**Assignment:** Below is a listing from which only part is wanted; return exactly the lines from the one with "Physical Map of Slovenia" up to and including the one with "VEVOR RV Water".

(Data excerpts)

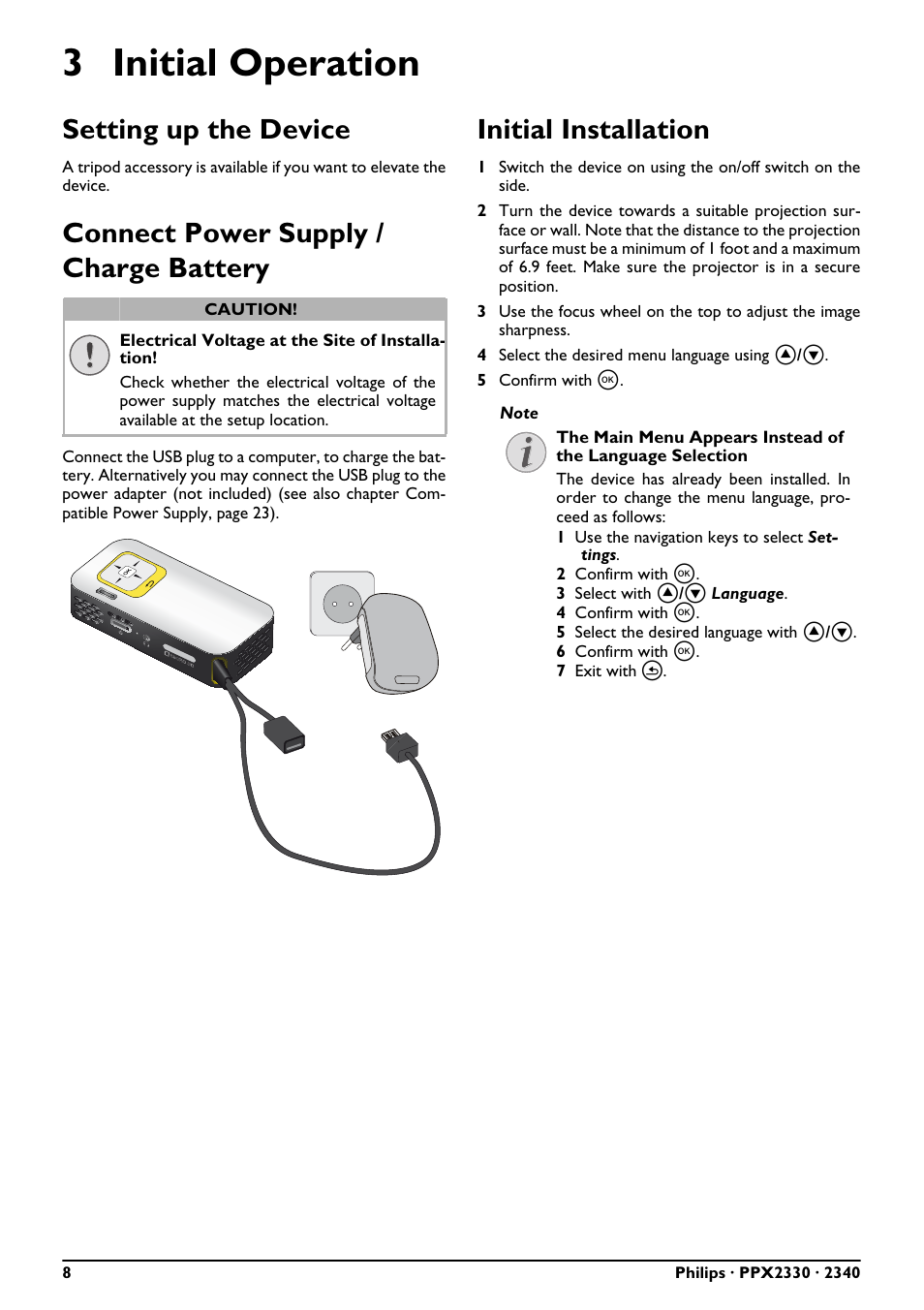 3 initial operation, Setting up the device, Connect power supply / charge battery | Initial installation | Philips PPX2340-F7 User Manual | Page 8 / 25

(End Data excerpts)
(Data excerpts)

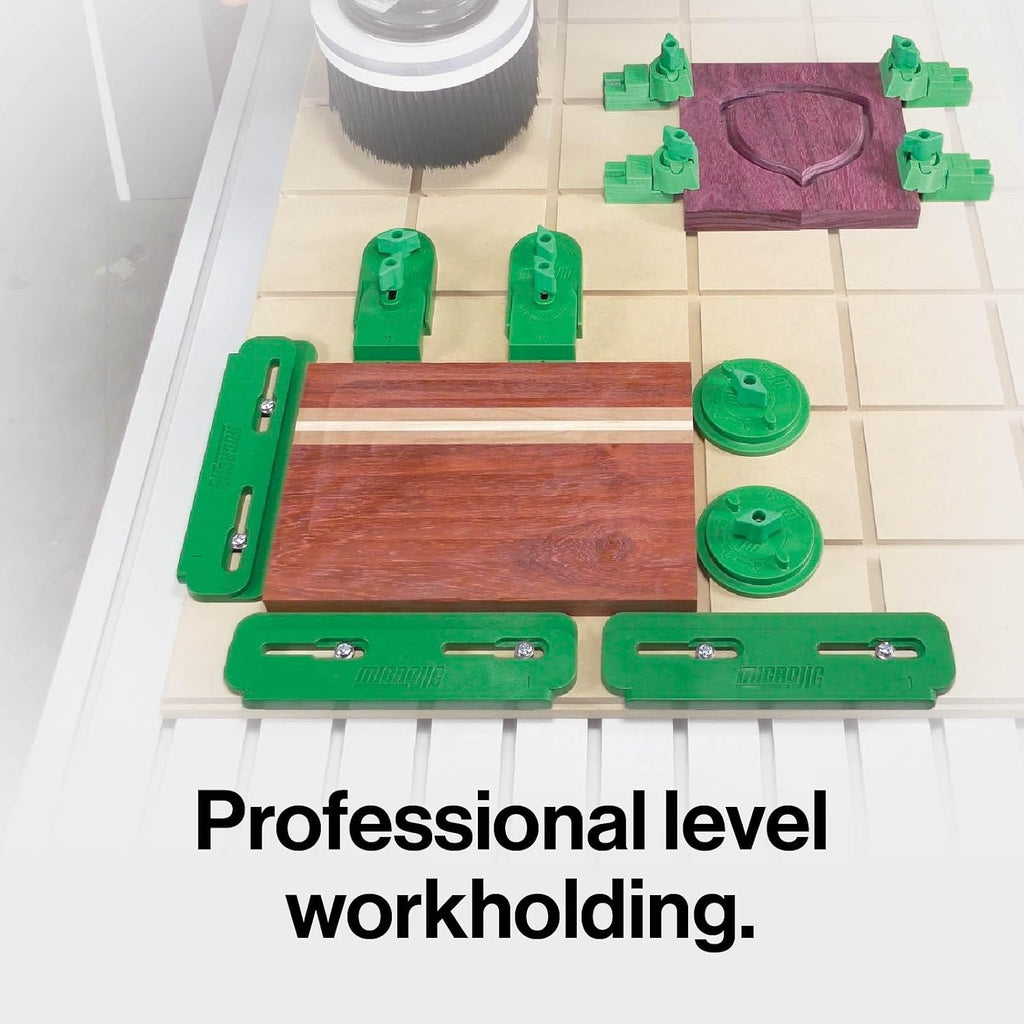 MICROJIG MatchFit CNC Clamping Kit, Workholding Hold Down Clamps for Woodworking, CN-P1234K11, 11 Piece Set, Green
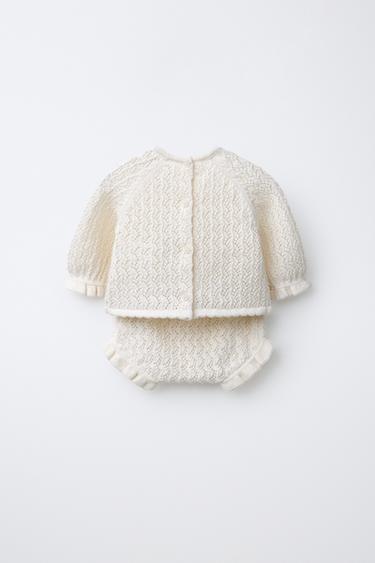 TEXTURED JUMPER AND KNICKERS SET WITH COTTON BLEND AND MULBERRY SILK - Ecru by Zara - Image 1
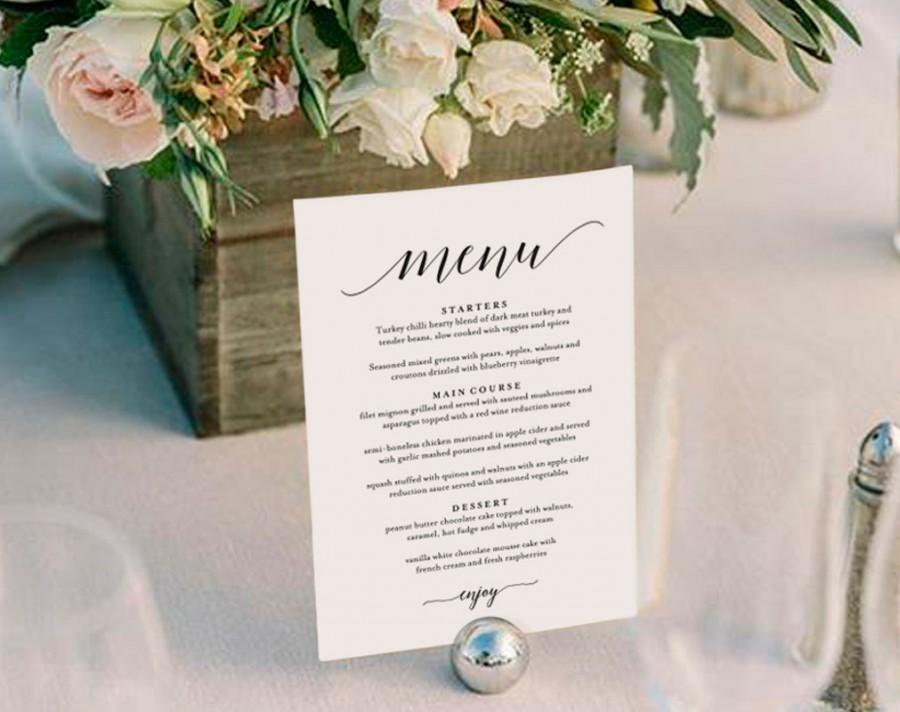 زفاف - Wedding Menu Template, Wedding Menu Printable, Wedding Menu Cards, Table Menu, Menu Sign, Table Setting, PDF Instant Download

(End Data excerpts)
(Data excerpts)

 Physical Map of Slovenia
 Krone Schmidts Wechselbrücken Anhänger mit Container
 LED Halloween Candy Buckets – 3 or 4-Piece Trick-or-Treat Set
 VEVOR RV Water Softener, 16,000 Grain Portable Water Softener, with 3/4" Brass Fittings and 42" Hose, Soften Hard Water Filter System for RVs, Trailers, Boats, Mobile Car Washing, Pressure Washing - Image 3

(End Data excerpts)

**Response:**
 Physical Map of Slovenia
 Krone Schmidts Wechselbrücken Anhänger mit Container
 LED Halloween Candy Buckets – 3 or 4-Piece Trick-or-Treat Set
 VEVOR RV Water Softener, 16,000 Grain Portable Water Softener, with 3/4" Brass Fittings and 42" Hose, Soften Hard Water Filter System for RVs, Trailers, Boats, Mobile Car Washing, Pressure Washing - Image 3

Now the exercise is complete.